Describe the mass and lean ways to deploy your resources. Which might generate airplanes with higher quality?
Solution:A mass production method would be to have one person doing all the marking and cutting and the other person doing all the folding. The lean way would have both people doing marking, cutting, and folding to make complete airplanes. The lean way would probably produce higher quality because, during folding, people might detect issues in marking and cutting. That information would be used the next time to improve marking and cutting with no possible loss associated with communication. (Mass production might produce units more quickly, however.)
In addition to studying Toyota’s lean production, observers compare many types of business practices at European, Japanese, and U.S. companies.
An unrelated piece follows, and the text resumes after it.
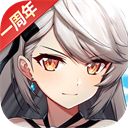 kzb 体育app下载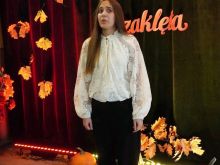 261028-30_ty_jesienny-040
One finding at specific companies related to the timing of design changes at automotive companies. In the automotive industry, “Job 1” is the time when the first production car roles off the line. A picture emerged, implies that at certain automotive companies in Japan, much more effort was spent investigating possible design changes long before Job 1. At certain U.S. car companies, much more of the effort was devoted after Job 1 reacting to problems experience by customers. This occurred for a variety of reasons. Certain Japanese companies made an effort to institutionalize a forward-looking design process with “design freezes” that were taken seriously by all involved. Also, engineers at these specific companies in Japan were applying design of experiments (DOE) and other formalized problem-solving methods more frequently than their U.S. counterparts. These techniques permit the thorough exploration of large numbers of alternatives long before Job 1, giving people more confidence in the design decisions.
Another development in the history of quality is “miniaturization”. Many manufactured items in the early 2000s have literally millions of critical characteristics, all of which must conform to specifications in order for the units to yield acceptable performance. The phrase “mass customization” refers to efforts to tailor thousands of items such as cars or hamburgers to specific customers’ needs. Mass customization, like miniaturization, plays an important role in the modern work environment. Ford’s motto was, “You can have any color car as long as it is black.” In the era of global competition, customers more than ever demand units made to their exact specifications. Therefore, in modern production, customers introduce additional variation to the variation created by the production process.
ExampleFreezing Designs
With respect to manufacturing, how can freezing designs help quality?
Solution:Often the quality problem is associated with only a small fraction of units that are not performing as expected. Therefore, the problem must relate to something different that happened to those units, i.e., some variation in the production system. Historically, engineers “tweaking” designs has proved to be a major source of variation and thus a cause of quality problems.